Dataset extract
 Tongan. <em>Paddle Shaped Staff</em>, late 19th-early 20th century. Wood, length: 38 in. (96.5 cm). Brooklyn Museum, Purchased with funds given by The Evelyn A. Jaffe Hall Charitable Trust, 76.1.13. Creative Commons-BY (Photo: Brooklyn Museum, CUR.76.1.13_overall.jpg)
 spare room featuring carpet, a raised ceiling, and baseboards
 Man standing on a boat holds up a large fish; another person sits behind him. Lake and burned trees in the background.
* * *
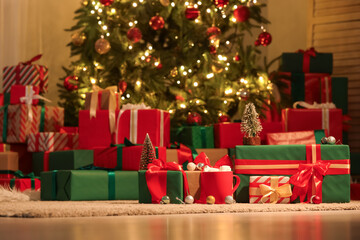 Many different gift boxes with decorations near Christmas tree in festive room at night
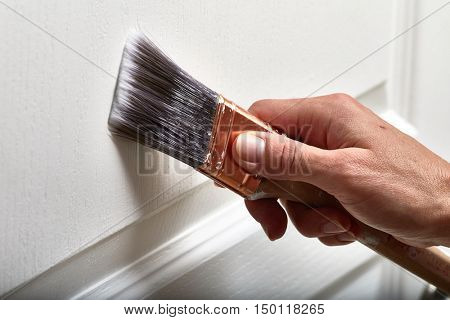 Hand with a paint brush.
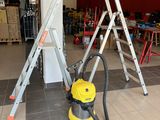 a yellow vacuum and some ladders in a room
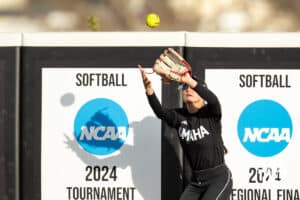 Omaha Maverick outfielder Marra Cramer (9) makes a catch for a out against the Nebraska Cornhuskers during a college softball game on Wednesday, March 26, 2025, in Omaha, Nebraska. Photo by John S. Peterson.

Exercise
Within the listing above, extract exactly the lines that run from the one containing "Hand with a paint brush." through the one containing "Omaha Maverick outfielder", excluding any pictures.

Exercise output
 Hand with a paint brush.
 a yellow vacuum and some ladders in a room
 Omaha Maverick outfielder Marra Cramer (9) makes a catch for a out against the Nebraska Cornhuskers during a college softball game on Wednesday, March 26, 2025, in Omaha, Nebraska. Photo by John S. Peterson.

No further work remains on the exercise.